One of the women was my predecessor as church organist. In fact, Marguerite Bell had been the organist for 40 yearsbefore I arrived. When Tim and I showed up at her house, she invited us in and proceeded to apologize for her minimal Christmas decorations, as if we had expected that she would be in some kind of all-out festive Christmas mood. She did, however, proudly show us the nativity set that she and her husband, Andy, had bought on a trip to Switzerland many years before, and then she told us a story:
When they had first married more than 60 years earlier, they had been, as she said, poor as church mice. Their first Christmas nativity scene had been a cheap, wooden cutout thing nowhere near the elegance of the one we saw on this night. But the stable itself, even now, was the one that her husband had made for that first Christmas of their marriage, an old wooden orange crate, spray-painted black. Marguerite told us that when, years later, they began to set up their beautiful new nativity scene with the figurines from Switzerland, Andy suggested that they buy a fancy new stable in which to place them. Marguerite’s response to that suggestion was, “No, dear, this one is just fine. The original was not exactly The Ritz.”

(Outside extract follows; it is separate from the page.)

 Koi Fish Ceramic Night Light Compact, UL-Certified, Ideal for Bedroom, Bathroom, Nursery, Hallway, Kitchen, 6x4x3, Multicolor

No, it most certainly was not the Ritz. There were no Christmas lights. There were no trees and no tinsel. There were no Pinterest-perfect decorations or exquisitely prepared feasts. There were no gifts or carolers or Santa Clauses or elves.

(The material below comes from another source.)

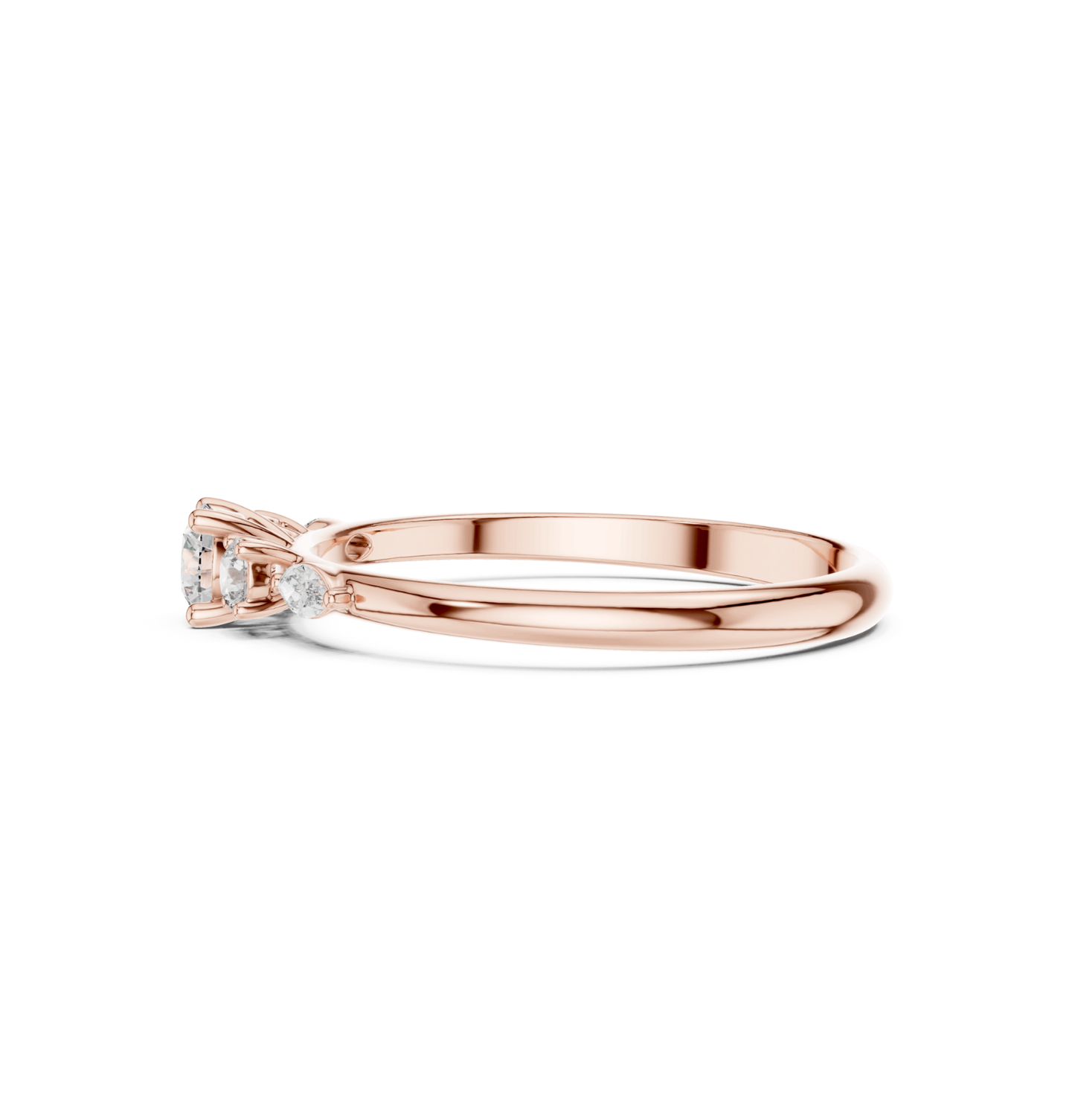 Round / MRQ Cut Diamond Pink Gold 14 K Ring For Wommen |pure carat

There was a cold night and straw and fear and loneliness and pain to welcome this tiny, helpless baby who would change the world.
So, in the quiet of this morning, we can be with Jesus and Mary and Joseph and one another. We can remember why God came into this world, to show us God’s love. And we, in turn, are to show that love to all of God’s people.
Even though the celebrations of Christmas Eve and the raucousness of Christmas morning have passed, the chorus of angels speaks to us still. This good news for all the people is now ours to share. And the life of that baby born in a manger tells us what our work is in response to the angelic message, a message best put it into words by the great Rev. Dr. Howard Thurman:
When the song of the angels is stilled,
when the star in the sky is gone,
when the kings and princes are home,
when the shepherds are back with their flocks,
the work of Christmas begins:
to find the lost,
to heal the broken,
to feed the hungry,
to release the prisoner,
to rebuild the nations,
to bring peace among the people,
to make music in the heart.
A blessed Christmas to you and yours in this holy season.
Howard Thurman. “The Mood of Christmas and Other Celebrations” (Richmond, Indiana: Friends United Press, 1985).